▶ _Dataset extract_:
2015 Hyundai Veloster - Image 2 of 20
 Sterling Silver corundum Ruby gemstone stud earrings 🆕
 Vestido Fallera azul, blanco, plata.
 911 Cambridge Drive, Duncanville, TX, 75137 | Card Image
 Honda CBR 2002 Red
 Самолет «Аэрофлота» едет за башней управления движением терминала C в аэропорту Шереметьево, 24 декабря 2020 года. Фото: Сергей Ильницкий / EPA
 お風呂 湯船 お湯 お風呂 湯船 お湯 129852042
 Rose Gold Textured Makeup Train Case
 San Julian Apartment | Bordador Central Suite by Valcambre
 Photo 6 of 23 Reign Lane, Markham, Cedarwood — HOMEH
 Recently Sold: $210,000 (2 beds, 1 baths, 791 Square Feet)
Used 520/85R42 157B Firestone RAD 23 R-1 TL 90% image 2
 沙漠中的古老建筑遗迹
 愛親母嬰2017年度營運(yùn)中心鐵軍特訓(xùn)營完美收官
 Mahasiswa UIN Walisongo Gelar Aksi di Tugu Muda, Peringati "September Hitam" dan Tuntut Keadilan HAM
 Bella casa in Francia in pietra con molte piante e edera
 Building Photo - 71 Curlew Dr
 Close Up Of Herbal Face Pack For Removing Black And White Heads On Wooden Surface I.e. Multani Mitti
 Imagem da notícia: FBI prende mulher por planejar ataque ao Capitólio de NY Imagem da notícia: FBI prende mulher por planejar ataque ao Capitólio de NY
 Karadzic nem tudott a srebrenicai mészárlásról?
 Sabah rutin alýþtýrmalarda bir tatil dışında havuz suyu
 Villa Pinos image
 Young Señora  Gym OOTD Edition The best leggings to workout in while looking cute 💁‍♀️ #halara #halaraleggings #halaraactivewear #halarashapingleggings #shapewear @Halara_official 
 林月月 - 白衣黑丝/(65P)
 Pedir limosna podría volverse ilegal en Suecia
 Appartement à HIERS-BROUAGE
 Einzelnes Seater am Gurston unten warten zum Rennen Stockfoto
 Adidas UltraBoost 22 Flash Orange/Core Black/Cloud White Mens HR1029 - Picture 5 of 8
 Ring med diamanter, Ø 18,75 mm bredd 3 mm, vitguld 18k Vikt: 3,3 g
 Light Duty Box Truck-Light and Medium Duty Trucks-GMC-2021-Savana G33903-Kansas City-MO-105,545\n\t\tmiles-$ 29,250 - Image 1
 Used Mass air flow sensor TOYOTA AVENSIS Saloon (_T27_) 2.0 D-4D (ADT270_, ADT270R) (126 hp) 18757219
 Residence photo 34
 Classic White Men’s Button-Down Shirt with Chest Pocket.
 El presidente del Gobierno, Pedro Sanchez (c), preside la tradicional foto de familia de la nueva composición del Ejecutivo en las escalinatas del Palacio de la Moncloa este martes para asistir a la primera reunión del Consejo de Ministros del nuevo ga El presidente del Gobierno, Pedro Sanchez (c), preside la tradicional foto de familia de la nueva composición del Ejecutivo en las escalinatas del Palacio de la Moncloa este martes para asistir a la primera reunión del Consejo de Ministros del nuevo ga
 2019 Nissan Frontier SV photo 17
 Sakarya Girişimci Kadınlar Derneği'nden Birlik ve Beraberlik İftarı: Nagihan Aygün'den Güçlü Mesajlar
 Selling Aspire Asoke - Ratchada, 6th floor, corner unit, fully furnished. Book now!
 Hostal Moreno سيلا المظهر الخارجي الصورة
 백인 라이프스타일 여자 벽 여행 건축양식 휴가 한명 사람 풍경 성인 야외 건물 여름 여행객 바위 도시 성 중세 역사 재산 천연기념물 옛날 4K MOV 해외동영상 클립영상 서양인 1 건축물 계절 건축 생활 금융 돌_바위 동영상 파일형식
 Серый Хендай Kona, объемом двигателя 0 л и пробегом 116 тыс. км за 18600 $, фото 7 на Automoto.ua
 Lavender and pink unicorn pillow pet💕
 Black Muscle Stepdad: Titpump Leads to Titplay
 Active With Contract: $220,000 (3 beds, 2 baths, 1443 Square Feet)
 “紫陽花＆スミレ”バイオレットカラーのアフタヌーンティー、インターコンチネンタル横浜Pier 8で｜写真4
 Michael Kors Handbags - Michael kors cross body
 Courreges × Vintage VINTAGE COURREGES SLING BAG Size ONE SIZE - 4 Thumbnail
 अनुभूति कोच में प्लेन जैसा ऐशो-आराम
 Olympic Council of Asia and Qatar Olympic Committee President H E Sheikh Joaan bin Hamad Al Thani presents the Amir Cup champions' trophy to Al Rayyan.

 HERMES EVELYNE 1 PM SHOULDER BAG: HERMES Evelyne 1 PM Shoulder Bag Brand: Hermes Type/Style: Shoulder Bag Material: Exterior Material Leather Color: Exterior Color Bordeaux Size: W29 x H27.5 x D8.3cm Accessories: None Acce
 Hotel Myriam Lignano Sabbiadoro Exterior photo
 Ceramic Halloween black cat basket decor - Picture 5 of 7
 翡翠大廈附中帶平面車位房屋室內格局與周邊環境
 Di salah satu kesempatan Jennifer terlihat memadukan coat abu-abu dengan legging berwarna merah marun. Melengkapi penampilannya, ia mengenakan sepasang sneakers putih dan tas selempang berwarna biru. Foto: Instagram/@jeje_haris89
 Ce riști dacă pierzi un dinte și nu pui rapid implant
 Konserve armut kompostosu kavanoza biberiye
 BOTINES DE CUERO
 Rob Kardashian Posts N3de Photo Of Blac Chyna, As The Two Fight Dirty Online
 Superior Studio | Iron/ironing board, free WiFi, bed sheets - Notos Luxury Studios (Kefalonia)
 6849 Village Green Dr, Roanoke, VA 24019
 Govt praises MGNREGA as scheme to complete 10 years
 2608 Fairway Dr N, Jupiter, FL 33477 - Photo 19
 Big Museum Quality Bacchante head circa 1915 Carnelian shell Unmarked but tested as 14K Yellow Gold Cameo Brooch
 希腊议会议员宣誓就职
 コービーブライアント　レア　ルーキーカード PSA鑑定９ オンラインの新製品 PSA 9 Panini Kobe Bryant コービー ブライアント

▶ _Task brief_: All that should be written out is the stretch of lines above between the one holding "#halarashapingleggings #shapewear @Halara_official" and the one holding "Adidas UltraBoost 22", inclusive, exactly as given.

▶ _Answer box_:
 Young Señora  Gym OOTD Edition The best leggings to workout in while looking cute 💁‍♀️ #halara #halaraleggings #halaraactivewear #halarashapingleggings #shapewear @Halara_official 
 林月月 - 白衣黑丝/(65P)
 Pedir limosna podría volverse ilegal en Suecia
 Appartement à HIERS-BROUAGE
 Einzelnes Seater am Gurston unten warten zum Rennen Stockfoto
 Adidas UltraBoost 22 Flash Orange/Core Black/Cloud White Mens HR1029 - Picture 5 of 8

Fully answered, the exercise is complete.